Perfectionists look away!!
This is a workaround (hack); the solution would be to solve the incorrect declaration order.
WARNING: This is extremely daft.
Concept:
Imagine a namespace where anything can exist. Literally anything that is asked of it. Not the smartest thing usually but out-of-order declaration isn't smart either, so why not?
The key problem of out-of-sequence classes is that dependent classes were being defined before their dependencies, the base classes. At that point of evaluation, the base classes are undefined resulting in a NameError.
Wrapping each class in try except statements would take as much effort as rewriting the module anyway, so that can be dismissed out of hand.

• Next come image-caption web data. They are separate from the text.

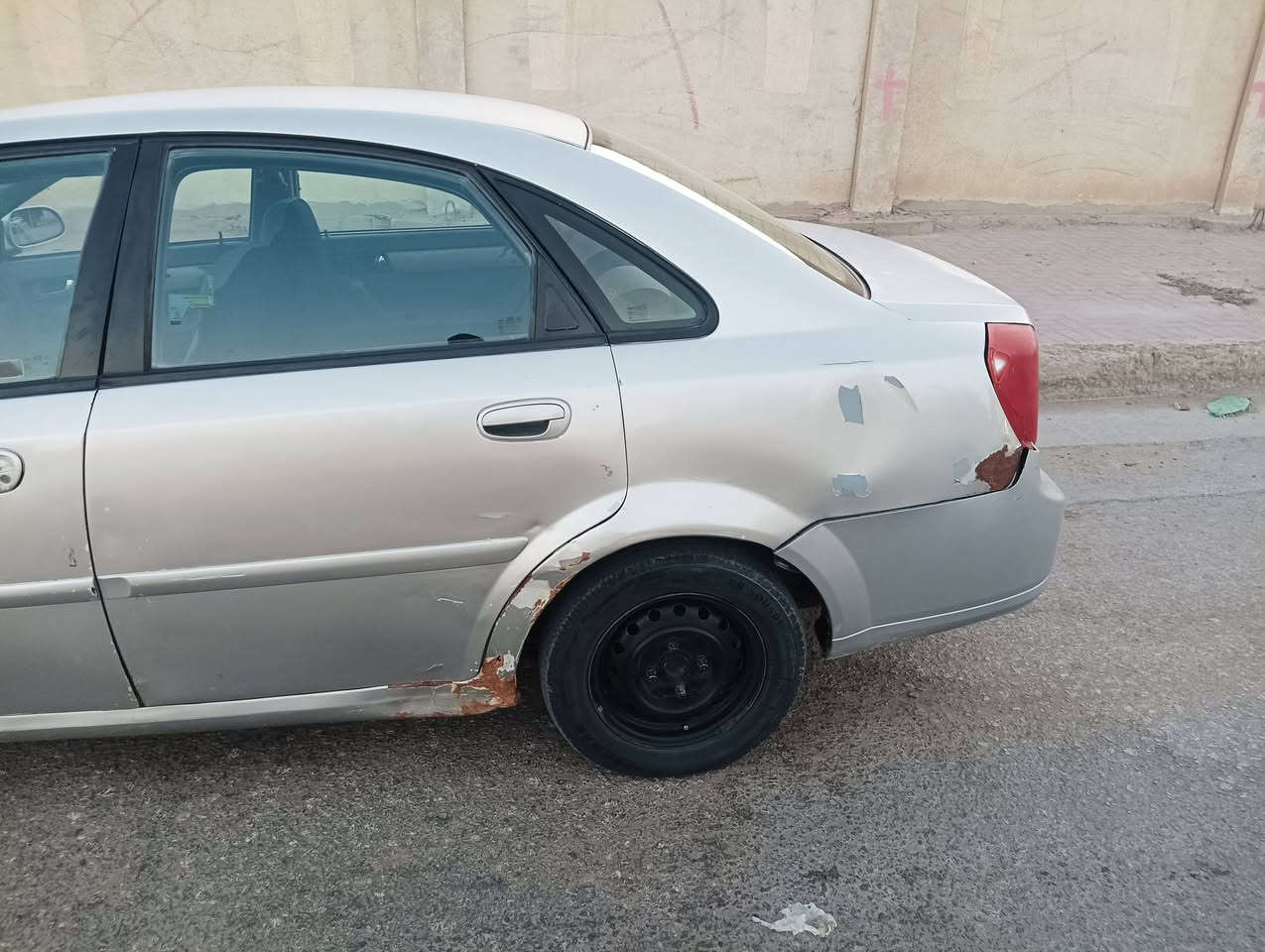 سلام عليكم 
اوبترا للبيع 2004
سياره رقم انكليزي تحويل ثاني يوم 
مكينه جديده بيها ضمان وكيرها 
مصبوغه احزام فقط بدون دواخل 
مكانها نجف
سياره حلوه ومال جناي 
سعرها 47 وبيها مجال مال جيه


**إذا كنت صاحب هذا الإعلان وتريد حذفه لأي سبب، رجاءا أرسل رسالة إلى الدعم الفني**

A more efficient (in terms of programmer time) means of suppressing NameError must be used. This can be achieved by making the namespace totally permissible, as in, if a lookup object doesn't exist, it should be created thereby avoiding a NameError. This is the obvious danger of this approach as a lookup becomes a creation.
Implementation:
Namespaces in Python are dictionaries, I believe, and dictionaries methods can be overloaded, including the lookup function: __getitem__. So mr_agreeable is a dictionary subclass with an overloaded __getitem__ method which automatically creates a blank class when a lookup key doesn't exist. An instance of mr_agreeable is passed to execfile as the namespace for the classes.py script. The objects (aside from the builtins) created execfile call are merged with the globals() dict of the calling script: hack.py.

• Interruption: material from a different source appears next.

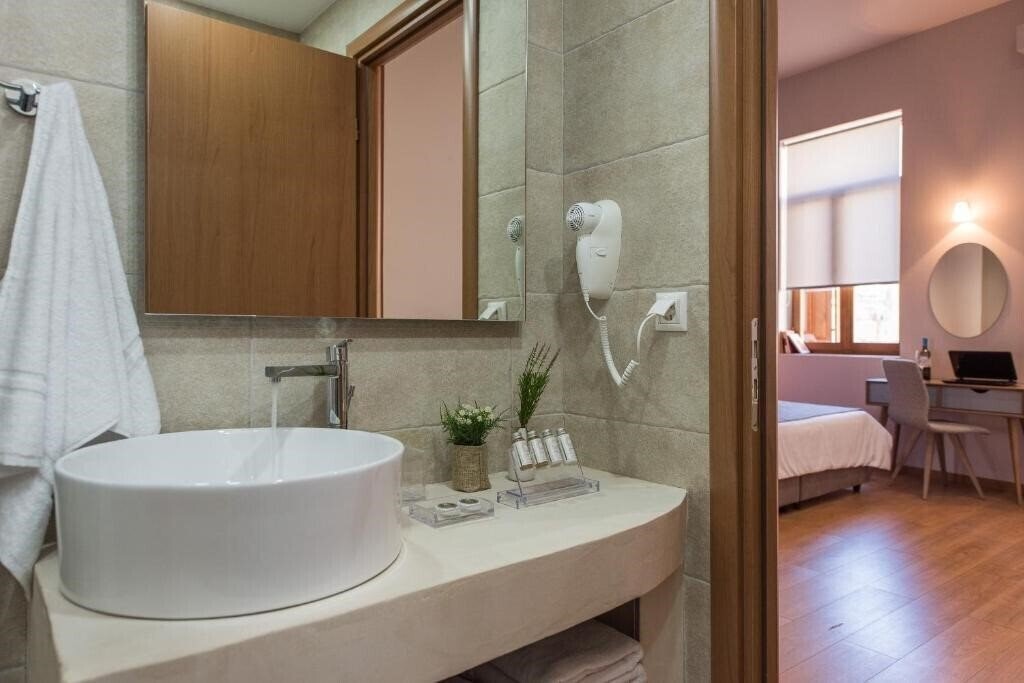 Фотографія Bluebell Luxury Suites 3*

This works because Python doesn't care if class' base classes are changed after the fact.
This may be implementation dependent, I don't know. Tested on: Python 2.7.3 64bit on Win7 64bit.
Assuming your out-of-order classes are defined in classes.py:
class ParentModel(object):
name = "parentmodel"
class ChildC(ChildA):
name = "childc"
class ChildA(ChildB):
name = "childa"
class ChildB(ParentModel):
name = "childb"
The loader script, lets call it hack.py:
from random import randint
from codecs import encode
class mr_agreeable(dict):
sin_counter = 0
nutty_factor = 0
rdict = {0 : (0, 9), 200 : (10, 14), 500 : (15, 16), 550 : (17, 22)}
def __getitem__(self, key):
class tmp(object):
pass
tmp.__name__ = key
if(not key in self.keys()):
self.prognosis()
print self.insanity()
return self.setdefault(key, tmp)
def prognosis(self):
self.sin_counter += 1
self.nutty_factor = max(filter(lambda x: x < self.sin_counter, self.rdict.keys()))
def insanity(self):
insane_strs = \
[
"Nofbyhgryl", "Fher, jul abg?", "Sbe fher", "Fbhaqf terng", "Qrsvangryl", "Pbhyqa'g nterr zber",
"Jung pbhyq tb jebat?", "Bxl Qbnxl", "Lrc", "V srry gur fnzr jnl", "Zneel zl qnhtugre",
"Znlor lbh fubhyq svk gung", "1 AnzrReebe vf bar gbb znal naq n 1000'f abg rabhtu", "V'ir qbar qvegvre guvatf",
"Gur ebbz vf fgnegvat gb fcva", "Cebonoyl abg", "Npghnyyl, ab ..... nyevtug gura", "ZNXR VG FGBC",
"BU TBQ AB", "CYRNFR AB", "LBH'ER OERNXVAT CLGUBA", "GUVF VF ABG PBAFRAGHNY", "V'Z GRYYVAT THVQB!!"
]
return encode("ze_nterrnoyr: " + insane_strs[randint(*self.rdict[self.nutty_factor])], "rot13")
def the_act():
ns = mr_agreeable()
execfile("classes.py", ns)
hostages = list(set(ns.keys()) - set(["__builtins__", "object"]))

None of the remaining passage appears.